According to  Dr Mpango – the minister’s real name; no pun intended – a goodly 37 per cent (Sh12.9 trillion) of the total budget for the coming financial year will be development expenditure in priority areas basically involving infrastructure development and industrialisation, as well as improvement of social products and services delivery.
Development projects here include the standard gauge railway (SGR) in the country’s central transport corridor, and the Nyerere hydropower project at the Stiegler’s Gorge along Rufiji River.  This is not forgetting development projects  in Education; Health; Water, etc., which were pledged by CCM in its 2015 election campaign manifesto now that this is another election year!
The other 63 per cent of the budget – Sh21.98 trillion – will be directed to recurrent expenditure ranging from public salaries to national debt repayments.
Generally speaking, increases in succeeding annual budgets – prudent though they may seem – more often than not just ‘takes care’ of inflationary pressures and currency value fluctuations from year to fiscal year, rather than finance actual development/recurrent expenditures on the ground.

Prepare budgets that are implementable
 Secondly, past experience has persistently shown that not all the funds that are budgeted by the government are disbursed in time and/or in full as ‘allocated’ in the budget books.
This is largely on account of the fact that domestic revenues rarely (if ever) meet the collection targets that are set in good faith in the first place.  As if that were not awkward enough, this shortcoming is compounded by the double whammy that the funds which are pledged by our partners-in-development – both bilateral and multilateral development partners – in the form of annual budgetary support are not always received in full and/or on time as pledged.
From the foregoing, it becomes obvious that a gazillion hurdles still remain in the government budgeting stakes.
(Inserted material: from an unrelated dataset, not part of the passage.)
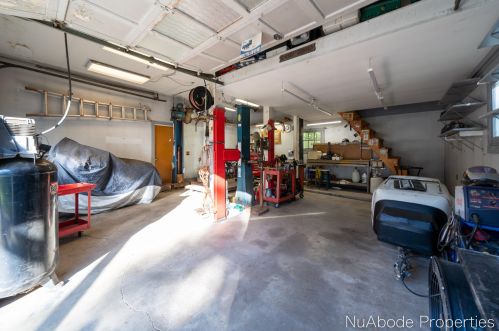 912 Westend Ave, Grand Rapids MI 49504-3847 exterior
This is more so in the area of budget implementation.
As we noted in our edition of January 3, 2020, for example, the national budgetary expenditure for the 2018/19 financial year was implemented by a relatively measly 68 percent. This was according to the central Bank of Tanzania’s annual report for the year to June 30, 2019.
No! We must find ways and means of fully implementing our budgets -- starting by routinely preparing realistic, implementable budgets.